Consideramos, assim, que a escolha da análise de discurso de linha francesa
e das categorias de análise (cena da enunciação, cena genérica, cenografia e ethos)
foi fundamental para a leitura do corpus que recortamos do extenso arquivo das
narrativas da ERX. No entanto, muitas outras questões de natureza conteudística ou
teórica poderiam ser abordadas na presente dissertação. Por exemplo, a quem
beneficiou e/ou beneficia o sentido eufórico dado aos Villas-Bôas nas narrativas em
análise? Por qual razão os contra-discursos, os que dizem disforicamente os Villas-
Bôas, embora presentes pela ausência nas narrativas em análise, não se dão em
circulação?

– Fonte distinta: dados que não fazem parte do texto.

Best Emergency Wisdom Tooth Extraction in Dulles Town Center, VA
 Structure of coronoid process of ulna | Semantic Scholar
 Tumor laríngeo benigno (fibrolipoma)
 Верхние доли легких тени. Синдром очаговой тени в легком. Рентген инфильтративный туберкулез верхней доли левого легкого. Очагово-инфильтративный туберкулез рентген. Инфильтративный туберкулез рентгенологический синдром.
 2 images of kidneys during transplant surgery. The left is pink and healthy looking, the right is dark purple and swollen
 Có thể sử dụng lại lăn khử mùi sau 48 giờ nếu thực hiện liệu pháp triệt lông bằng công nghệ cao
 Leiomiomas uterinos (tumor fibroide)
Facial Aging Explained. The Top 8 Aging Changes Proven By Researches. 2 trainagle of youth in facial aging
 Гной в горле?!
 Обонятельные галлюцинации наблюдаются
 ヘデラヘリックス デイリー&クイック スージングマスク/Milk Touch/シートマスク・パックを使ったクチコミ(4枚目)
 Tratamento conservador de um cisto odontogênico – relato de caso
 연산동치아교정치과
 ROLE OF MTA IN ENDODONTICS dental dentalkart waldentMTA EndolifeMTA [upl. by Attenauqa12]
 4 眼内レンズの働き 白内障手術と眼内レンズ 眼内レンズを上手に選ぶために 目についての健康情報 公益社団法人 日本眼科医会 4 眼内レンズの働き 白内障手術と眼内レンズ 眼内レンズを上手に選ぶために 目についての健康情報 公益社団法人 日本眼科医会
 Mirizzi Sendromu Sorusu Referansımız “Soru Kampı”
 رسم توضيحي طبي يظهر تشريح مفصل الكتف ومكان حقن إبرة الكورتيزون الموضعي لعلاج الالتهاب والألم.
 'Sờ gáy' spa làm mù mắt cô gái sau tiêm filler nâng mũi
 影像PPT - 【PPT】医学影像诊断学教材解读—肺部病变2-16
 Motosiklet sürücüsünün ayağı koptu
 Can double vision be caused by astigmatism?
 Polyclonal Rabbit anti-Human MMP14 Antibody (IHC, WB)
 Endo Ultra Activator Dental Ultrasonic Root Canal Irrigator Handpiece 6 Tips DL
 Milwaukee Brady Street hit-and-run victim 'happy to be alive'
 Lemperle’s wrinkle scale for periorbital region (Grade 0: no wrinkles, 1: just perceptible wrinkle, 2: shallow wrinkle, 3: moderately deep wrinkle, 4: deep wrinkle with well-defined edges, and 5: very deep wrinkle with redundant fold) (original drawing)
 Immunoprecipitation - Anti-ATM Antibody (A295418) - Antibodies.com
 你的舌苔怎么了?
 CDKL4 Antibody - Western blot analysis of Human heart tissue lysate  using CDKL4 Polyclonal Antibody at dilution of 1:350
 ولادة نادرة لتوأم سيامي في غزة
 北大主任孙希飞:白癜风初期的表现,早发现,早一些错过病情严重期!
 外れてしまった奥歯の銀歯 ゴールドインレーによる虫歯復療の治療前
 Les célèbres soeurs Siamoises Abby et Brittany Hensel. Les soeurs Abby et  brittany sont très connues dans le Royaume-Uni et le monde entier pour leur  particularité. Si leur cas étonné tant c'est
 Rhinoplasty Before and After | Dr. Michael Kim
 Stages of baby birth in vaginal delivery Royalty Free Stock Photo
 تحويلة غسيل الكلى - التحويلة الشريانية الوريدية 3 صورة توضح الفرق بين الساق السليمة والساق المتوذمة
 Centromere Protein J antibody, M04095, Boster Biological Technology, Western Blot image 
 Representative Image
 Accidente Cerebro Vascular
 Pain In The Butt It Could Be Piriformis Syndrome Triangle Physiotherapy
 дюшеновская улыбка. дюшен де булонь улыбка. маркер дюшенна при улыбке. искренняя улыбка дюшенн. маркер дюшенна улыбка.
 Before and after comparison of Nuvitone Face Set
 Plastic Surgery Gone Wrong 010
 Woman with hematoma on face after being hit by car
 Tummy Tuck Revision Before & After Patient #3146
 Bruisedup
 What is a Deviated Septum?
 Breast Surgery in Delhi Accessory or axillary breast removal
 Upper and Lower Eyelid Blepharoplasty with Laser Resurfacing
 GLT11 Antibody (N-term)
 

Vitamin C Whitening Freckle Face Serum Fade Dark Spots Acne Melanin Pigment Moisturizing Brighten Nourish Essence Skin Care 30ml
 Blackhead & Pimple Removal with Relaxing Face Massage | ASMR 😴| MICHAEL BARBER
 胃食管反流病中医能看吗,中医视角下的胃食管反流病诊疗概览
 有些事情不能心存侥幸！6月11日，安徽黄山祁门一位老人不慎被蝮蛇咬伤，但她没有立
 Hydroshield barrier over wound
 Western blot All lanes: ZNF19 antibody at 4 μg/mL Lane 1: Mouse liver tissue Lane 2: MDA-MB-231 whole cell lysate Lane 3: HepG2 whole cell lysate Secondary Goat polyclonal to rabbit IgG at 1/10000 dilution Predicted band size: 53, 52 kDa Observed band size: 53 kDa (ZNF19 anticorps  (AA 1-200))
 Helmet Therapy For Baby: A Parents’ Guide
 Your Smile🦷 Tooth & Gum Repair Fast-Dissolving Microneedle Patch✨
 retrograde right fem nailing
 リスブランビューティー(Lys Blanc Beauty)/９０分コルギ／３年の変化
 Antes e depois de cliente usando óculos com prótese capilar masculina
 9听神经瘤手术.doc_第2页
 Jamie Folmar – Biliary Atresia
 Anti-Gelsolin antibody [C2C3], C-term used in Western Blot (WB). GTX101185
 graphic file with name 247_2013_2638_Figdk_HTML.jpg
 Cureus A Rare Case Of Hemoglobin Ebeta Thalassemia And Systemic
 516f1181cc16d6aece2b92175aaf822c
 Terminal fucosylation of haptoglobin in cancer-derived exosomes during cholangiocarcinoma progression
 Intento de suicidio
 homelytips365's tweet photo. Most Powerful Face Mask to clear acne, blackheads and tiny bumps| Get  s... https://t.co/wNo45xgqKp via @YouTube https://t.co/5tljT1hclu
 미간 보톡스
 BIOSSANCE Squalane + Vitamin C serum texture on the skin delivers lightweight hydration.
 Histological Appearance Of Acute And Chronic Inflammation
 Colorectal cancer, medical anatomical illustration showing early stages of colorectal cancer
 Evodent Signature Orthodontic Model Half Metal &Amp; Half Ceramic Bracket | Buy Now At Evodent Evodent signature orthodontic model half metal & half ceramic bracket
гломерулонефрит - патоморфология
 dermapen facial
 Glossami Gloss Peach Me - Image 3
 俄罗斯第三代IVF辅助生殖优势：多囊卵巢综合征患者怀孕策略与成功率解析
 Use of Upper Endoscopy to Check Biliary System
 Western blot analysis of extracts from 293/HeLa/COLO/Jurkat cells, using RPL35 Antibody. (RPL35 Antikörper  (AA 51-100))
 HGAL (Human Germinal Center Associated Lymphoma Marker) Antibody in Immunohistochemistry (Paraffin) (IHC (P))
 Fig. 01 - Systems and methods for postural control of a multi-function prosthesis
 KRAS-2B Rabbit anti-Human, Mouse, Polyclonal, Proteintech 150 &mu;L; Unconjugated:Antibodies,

Que relação as cenografias engendradas nas narrativas em análise
mantém como o momento histórico em que tais narrativas foram produzidas?
Cremos, entretanto, como sugerem inicialmente as aspas, presentes no título desse
tópico final, ou seja, que não se trata de conclusões finais, mas da abertura de
novas possibilidades, tais questões poderão ser tratadas em trabalhos futuros. Fica
aqui registrado o nosso compromisso pela continuação da pesquisa.